Long time readers will know that I find the concept of the Permanent Portfolio (the Harry Browne idea from 30 years ago) to be intellectually interesting and fun to write about. The original idea of course is to put equal portions into domestic equities (via a broad index fund), domestic long term bonds, gold and cash and then rebalance as needed.
In past posts I've written about using different weightings, using different proxies for the four asset classes and using foreign exposures for the asset classes (except gold). In this post I will go at the above ideas but also question the application of the word permanent, hence the oxymoronic title.
A couple of weeks ago I blogged about a filing from iShares for a bunch of new currency ETFs and talked about their application as the cash component in a permanent-inspired portfolio. For example, with the context being people willing and able to spend the time, maybe right now is the time for the cash to be a combo of the New Zealand dollar and the Thai baht. If something comes of the latest Israel/Iran business which causes some sort of reaction in markets, then switching to the dollar (flight to safety thing) would make sense to do.
The fixed income market has been at an extreme in low rates for several years as the Fed and Treasury have implemented various and mostly unprecedented policies to try to stimulate natural demand with an expectation set that it will last a little while longer. When/if unprecedented policy measures are removed, it would be reasonable to think that the dynamics of the bond market will change such that the best way to position now may not be the best way to position in 2017.
From an ease of investing standpoint it would be great if rates normalized. It would make constructing a bond portfolio easier to do than it has been for the last few years but that is not where we are now and who knows when things will normalize. Again, for anyone willing and able to spend the time it very well could be productive to make active decisions in regard to things like duration, quality, sectors, foreign countries and so on.
We have a lot of short dated individual corporate issues to reduce interest rate risk that comes from some of our other holdings such as a couple of preferred stocks and a few broader funds with varying average maturities and attributes. We also own short dated sovereign debt from a couple of countries.
With the gold allocation, I have been pretty consistent in saying that 25% would be way too much for me but why not increase or decrease exposure based on price action or based on geopolitical events? Again, I would never want 25% but maybe some combination of events would lead me to take it up to 10% (that is much more than we have ever owned).
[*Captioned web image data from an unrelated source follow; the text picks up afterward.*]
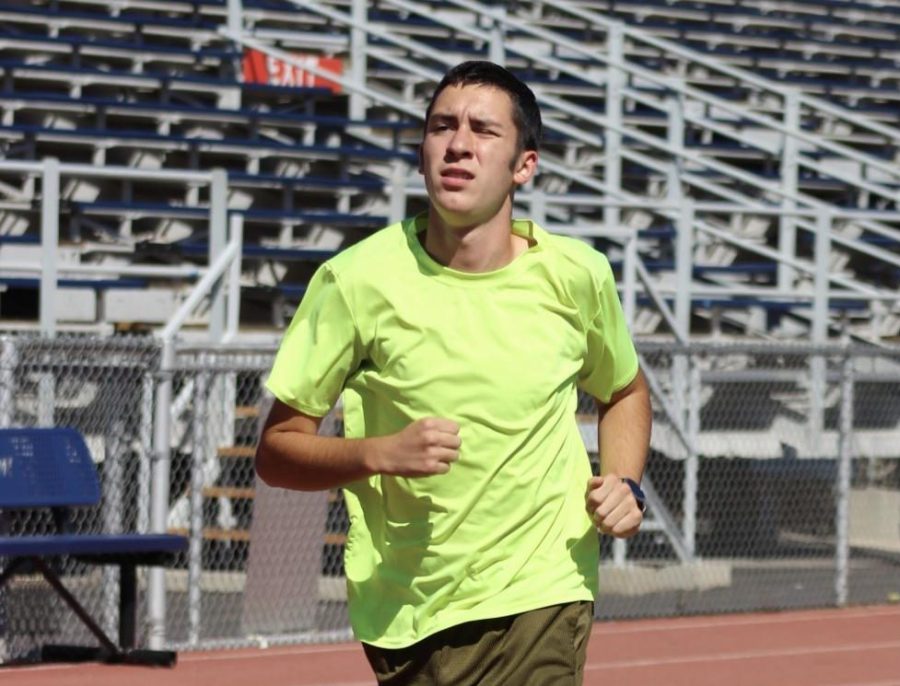 Sophomore Deven Szymczak jogs on the track during cross country practice on Sept. 22.
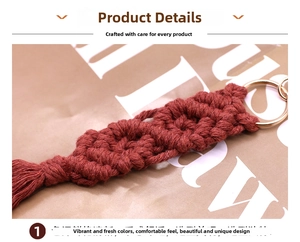 Close-up of handmade dark red woven keychain with intricate knotwork and cotton tassels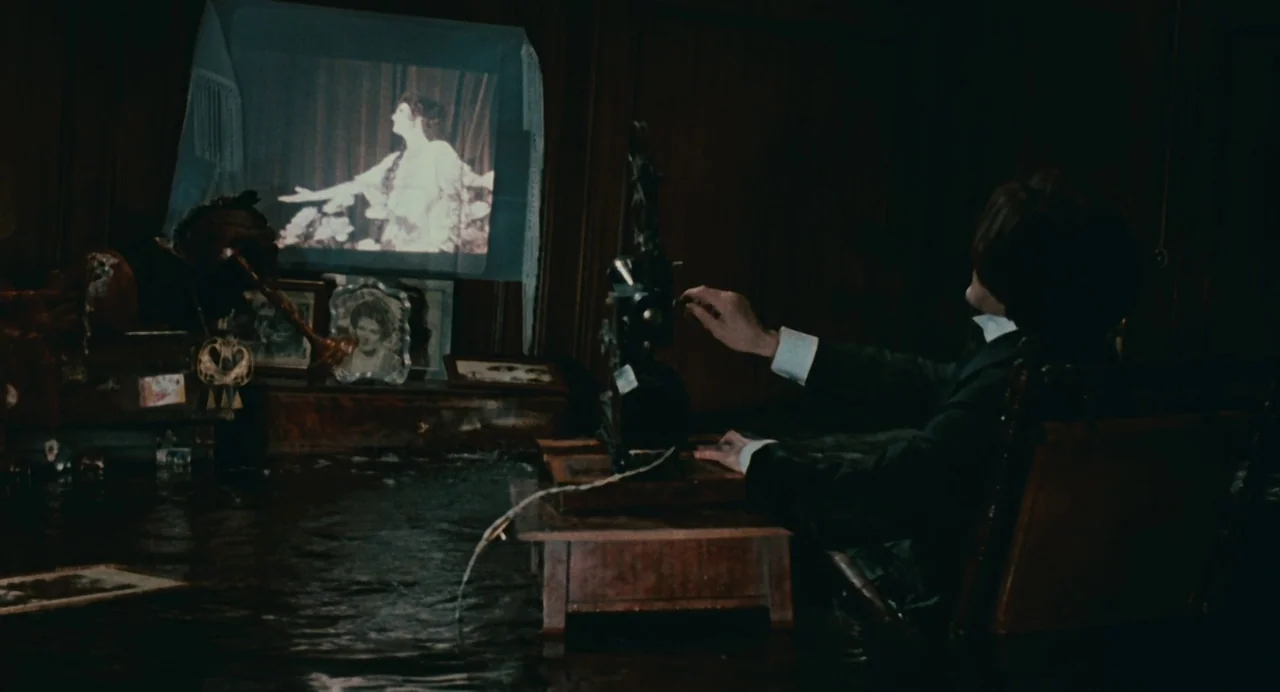 And The Ship Sails On (1983) movie still: medium — A dark flooded room contains a man seated at a wooden desk with a projector. The projector…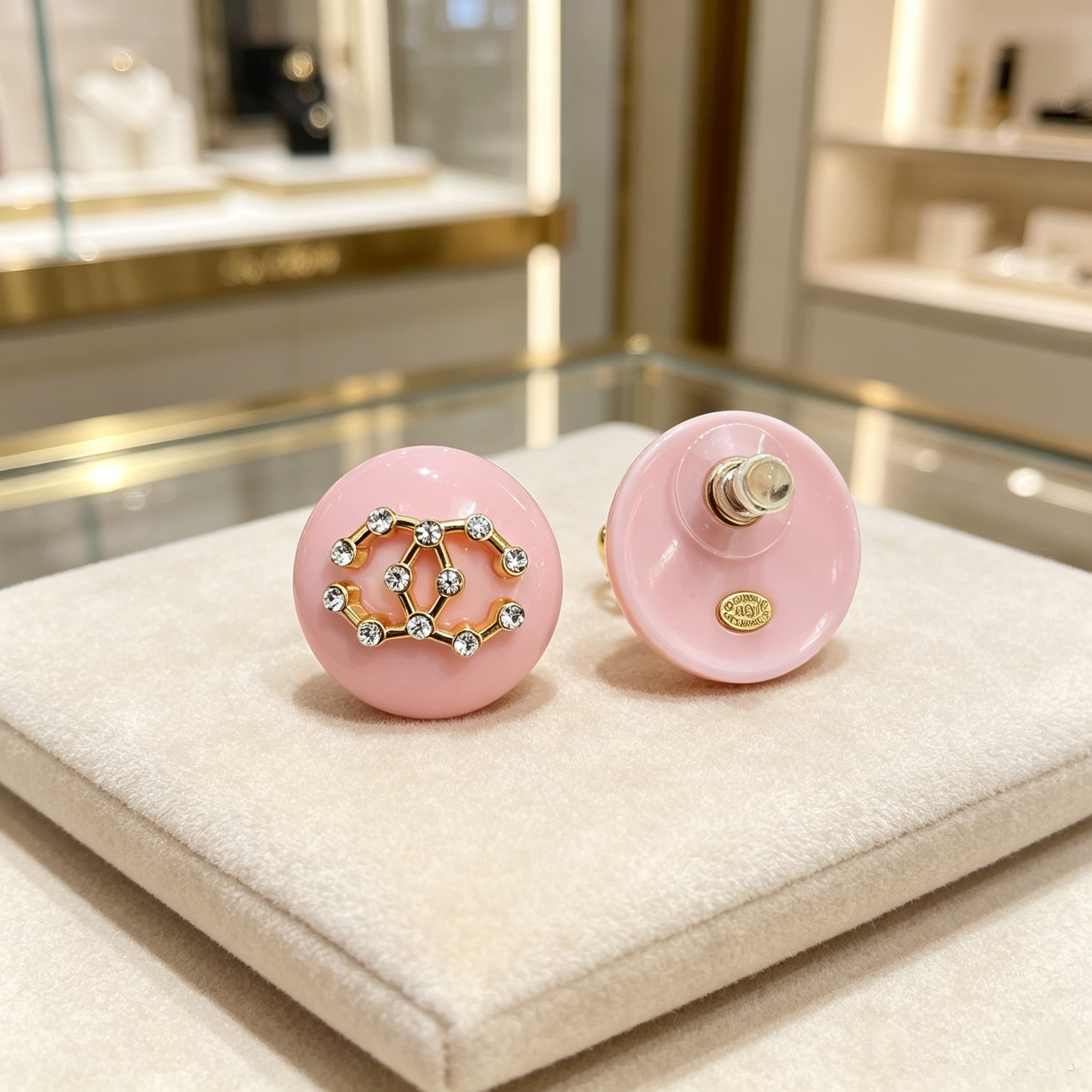 Chanel CC Logo Round Resin Stud Earrings earrings Pink resin base gold-tone metal interlocking CC logo with clear crystal accents 3cm diameter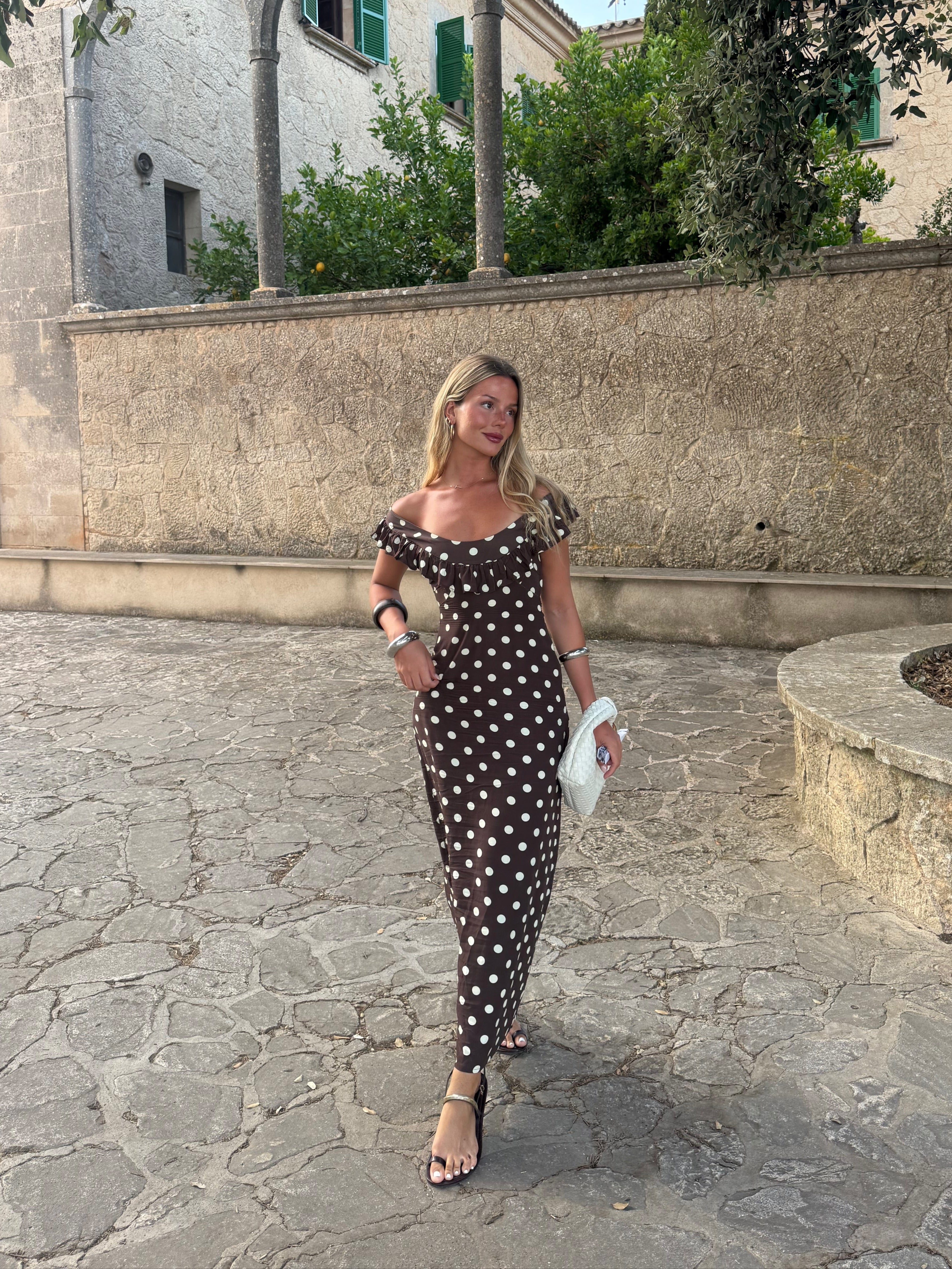 Full-length brown polka dot maxi dress with ruffled off-shoulder top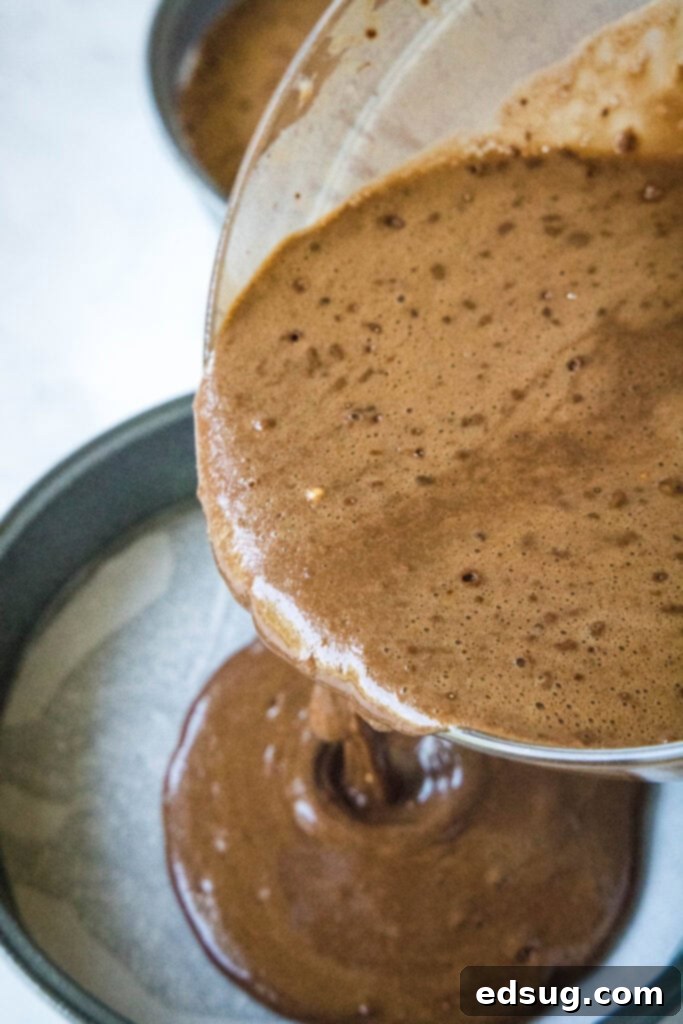 pouring cake batter into pans
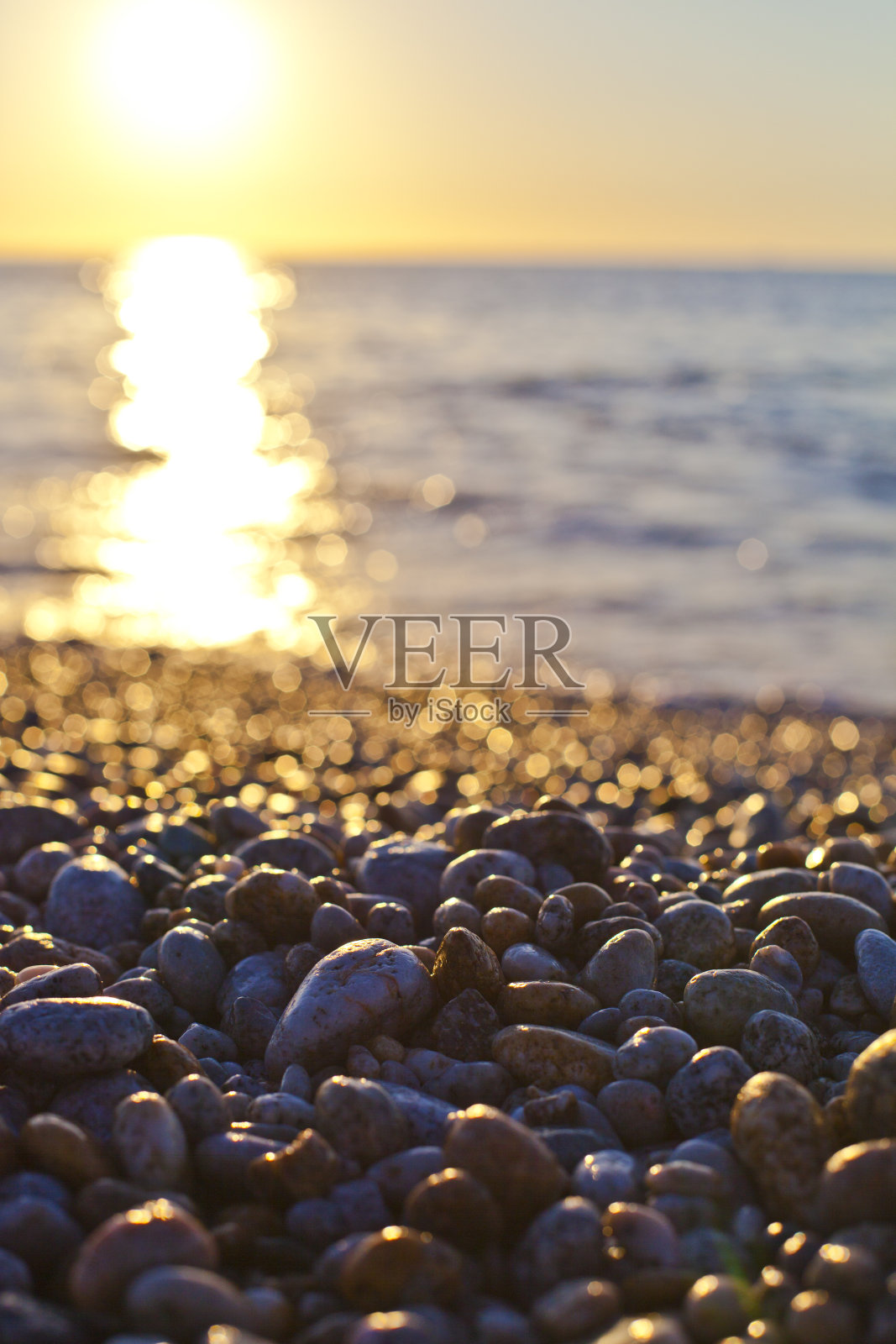 美丽的海景，在柔和的日落光线下，令人惊叹的卵石海岸线。照片摄影图片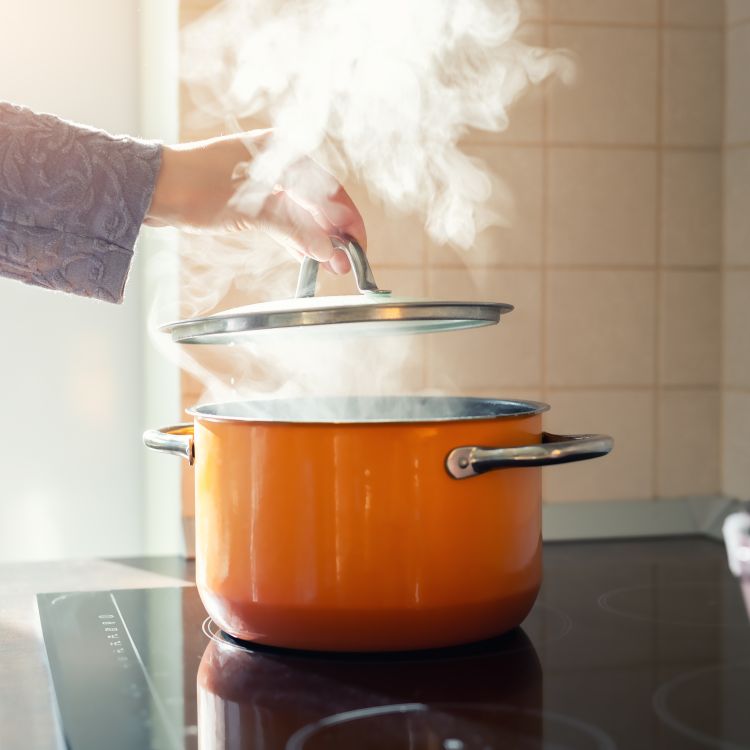 Pan on cooker with steam coming out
For equities there are countless ways to go but in this context I have about 90% of my equity exposure in a fund I manage so most of what I would say here would be self-serving. I will resist that temptation and just repeat that there are many strategies that can work.
The bigger picture here is to explore whether the bones of the original concept should cause anyone to meaningfully change they way they manage their portfolio, only make slight tweaks to how they manage their portfolio or maybe just a way to learn how other people do things. As mentioned the other day, investing is a process that continues to evolve. It will probably have a tougher time evolving without learning about other ways to invest.